Governor Endicott
by
I am sorry that I cannot respond in person to the invitation of the Essex Institute to its commemorative festival on the 18th. I especially regret it, because, though a member of the Society of Friends, and, as such, regarding with abhorrence the severe persecution of the sect under the administration of Governor Endicott, I am not unmindful of the otherwise noble qualities and worthy record of the great Puritan, whose misfortune it was to live in an age which regarded religious toleration as a crime. He was the victim of the merciless logic of his creed. He honestly thought that every convert to Quakerism became by virtue of that conversion a child of perdition; and, as the head of the Commonwealth, responsible for the spiritual as well as temporal welfare of its inhabitants, he felt it his duty to whip, banish, and hang heretics to save his people from perilous heresy.
The extravagance of some of the early Quakers has been grossly exaggerated. Their conduct will compare in this respect favorably with that of the first Anabaptists and Independents; but it must be admitted that many of them manifested a good deal of that wild enthusiasm which has always been the result of persecution and the denial of the rights of conscience and worship. Their pertinacious defiance of laws enacted against them, and their fierce denunciations of priests and magistrates, must have been particularly aggravating to a man as proud and high tempered as John Endicott.
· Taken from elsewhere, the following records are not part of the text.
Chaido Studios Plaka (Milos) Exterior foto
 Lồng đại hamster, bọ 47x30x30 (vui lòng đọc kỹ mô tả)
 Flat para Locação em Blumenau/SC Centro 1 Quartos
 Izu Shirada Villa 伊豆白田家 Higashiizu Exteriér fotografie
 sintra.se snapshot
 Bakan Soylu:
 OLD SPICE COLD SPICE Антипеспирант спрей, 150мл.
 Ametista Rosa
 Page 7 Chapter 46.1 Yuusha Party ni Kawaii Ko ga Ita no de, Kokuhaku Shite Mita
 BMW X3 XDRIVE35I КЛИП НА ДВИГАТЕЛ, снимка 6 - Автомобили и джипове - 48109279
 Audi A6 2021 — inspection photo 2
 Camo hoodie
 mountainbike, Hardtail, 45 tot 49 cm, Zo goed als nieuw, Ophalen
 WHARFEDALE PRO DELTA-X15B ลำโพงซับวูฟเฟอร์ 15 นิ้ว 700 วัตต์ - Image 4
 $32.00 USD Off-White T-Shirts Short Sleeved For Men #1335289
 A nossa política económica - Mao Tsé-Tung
He had that free-tongued neighbor of his, Edward Wharton, smartly whipped at the cart-tail about once a month, but it may be questioned whether the governor’s ears did not suffer as much under Wharton’s biting sarcasm and “free speech” as the latter’s back did from the magisterial whip.
Time has proved that the Quakers had the best of the controversy; and their descendants can well afford to forget and forgive an error which the Puritan governor shared with the generation in which he lived.
WEST OSSIPEE, N. H., 14th 9th Month, 1878.